Flash Physics is our daily pick of the latest need-to-know developments from the global physics community selected by Physics World's team of editors and reporters
Enhancing iron-based superconductors
A new method that doubles the amount of electrical current an iron-based material can carry without losing its superconducting properties – while also increasing the material’s critical temperature – has been developed by an international team of researchers based in the US and Japan. Iron-based superconductors can conduct electricity without resistance at relatively high temperatures (when compared with conventional superconductors, which must be chilled to near absolute zero to become superconducting). The researchers bombarded the material with protons at low energy, thereby simultaneously increasing its current-carrying capacity and critical temperature – a first for an iron-based superconductor, according to team-leader Qiang Li, at the US Department of Energy’s (DOE) Brookhaven National Laboratory.

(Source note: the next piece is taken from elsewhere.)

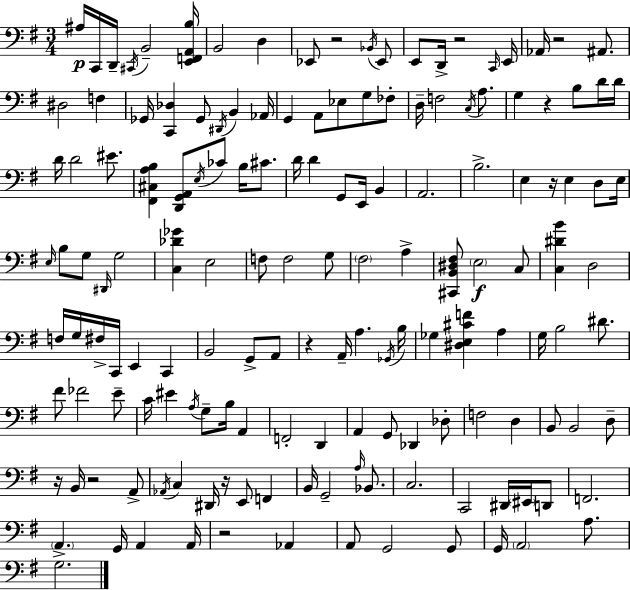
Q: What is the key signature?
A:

The researchers also used electron microscopes to view microstructural defects – which cause the lattice to locally compress or expand – that appeared in an iron-based superconducting material after the material was bombarded with low-energy protons. Their new technique could be used to improve the performance of superconducting wires and tapes. The research is published in Nature Communications.
Gender disparity found among ESO telescope-time proposals
Proposals submitted by female principal investigators for telescope time at European Southern Observatory (ESO) facilities are much less likely to be accepted than their male colleagues. A study carried out by Ferdinando Patat, an astronomer at ESO, looked at 13,000 proposals from about 3000 principal investigators over an eight-year span, finding that success rates were 16% for women and 22% for men. The study follows a recent finding that female postdoctoral-fellowship applicants at a US geoscience institution were half as likely as their male counterparts to receive glowing recommendation letters.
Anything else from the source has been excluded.